WHAT YOU ARE ASKED TO DO:
Drop the images. Copy every line below character for character.

Image-text web data
• • • •

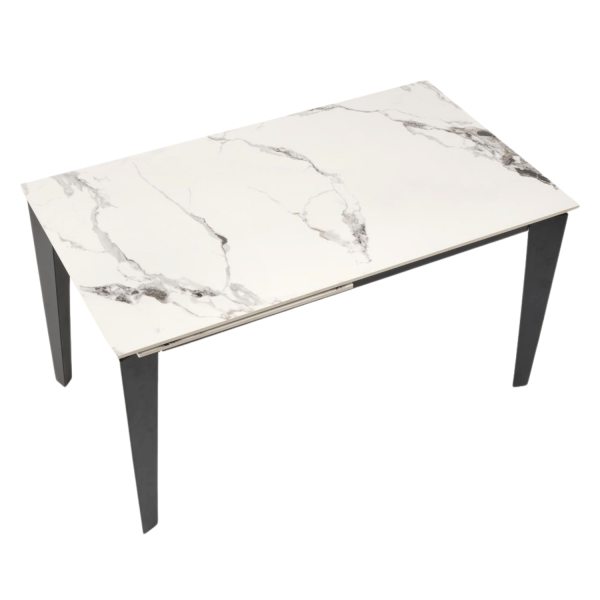 Designerski Nowoczesny Rozkładany Stół Ceramiczny 141-201x81 do Salonu Biały Marmur FELIX Halmar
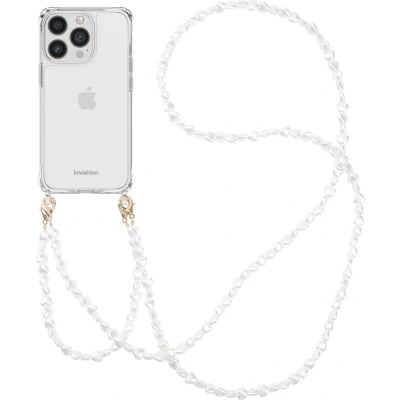 Afbeelding van imoshion Hoesje Geschikt voor iPhone 13 Pro met koord Backcover + armband Parels hartjes transparant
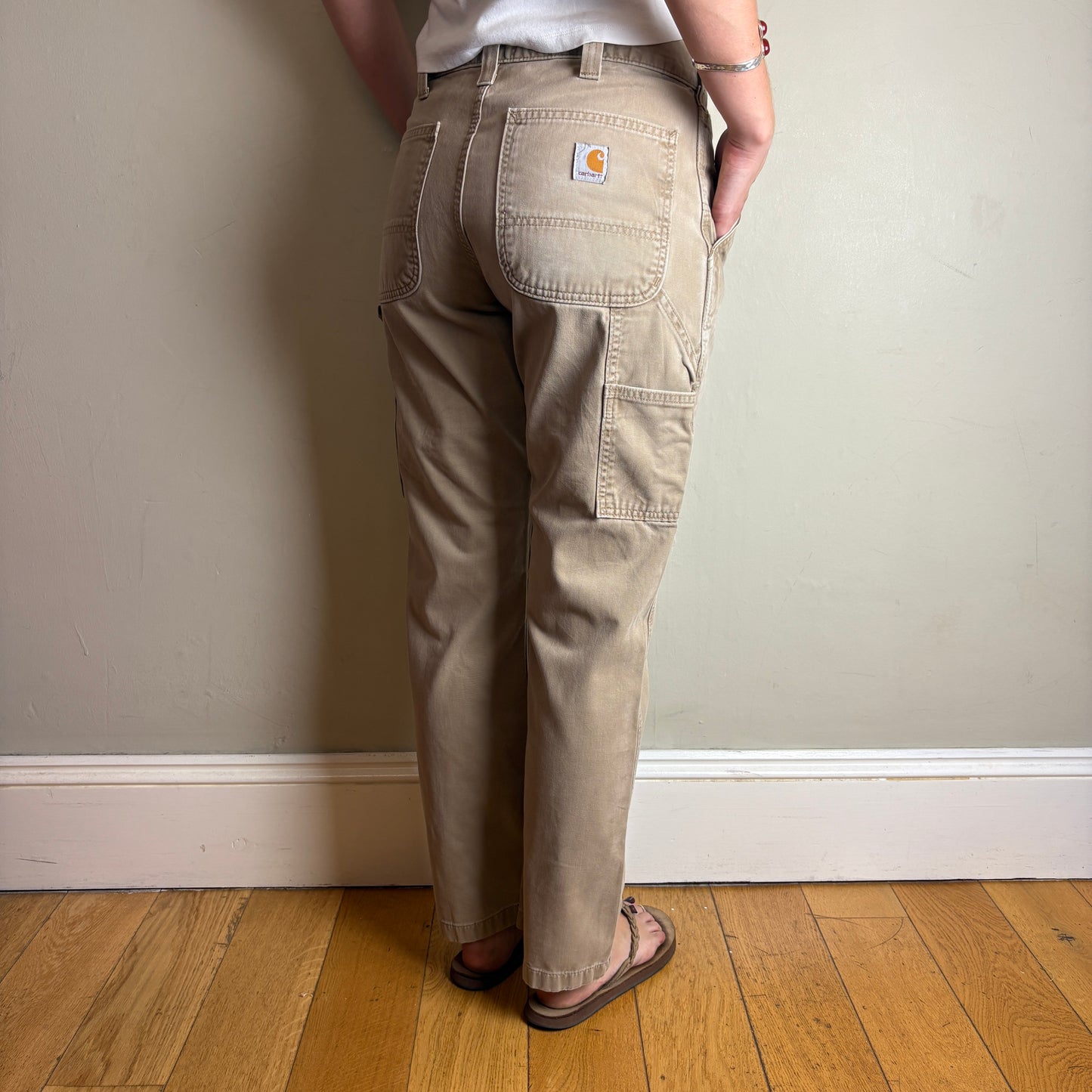 Vintage Carhartt Brown Cream Workwear Carpenter Baggy Trousers - 32S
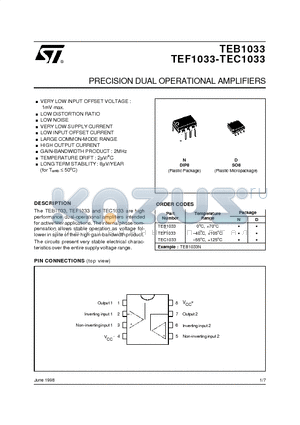 TEF1033N datasheet - PRECISION DUAL OPERATIONAL AMPLIFIERS
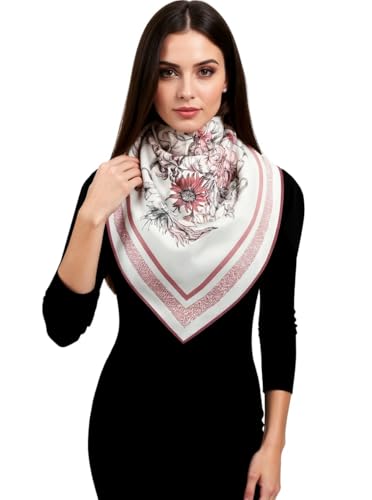 LADORENA Seidentuch Damen Natürliche Maulbeerseide 100% SEIDE Qualität HQ Seidenschal Halstuch 90x90 Weiß Rosa LD93201 von LADORENA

• • • •

RESULT OF THIS EXERCISE:
 Designerski Nowoczesny Rozkładany Stół Ceramiczny 141-201x81 do Salonu Biały Marmur FELIX Halmar
 Afbeelding van imoshion Hoesje Geschikt voor iPhone 13 Pro met koord Backcover + armband Parels hartjes transparant
 Vintage Carhartt Brown Cream Workwear Carpenter Baggy Trousers - 32S
 TEF1033N datasheet - PRECISION DUAL OPERATIONAL AMPLIFIERS
 LADORENA Seidentuch Damen Natürliche Maulbeerseide 100% SEIDE Qualität HQ Seidenschal Halstuch 90x90 Weiß Rosa LD93201 von LADORENA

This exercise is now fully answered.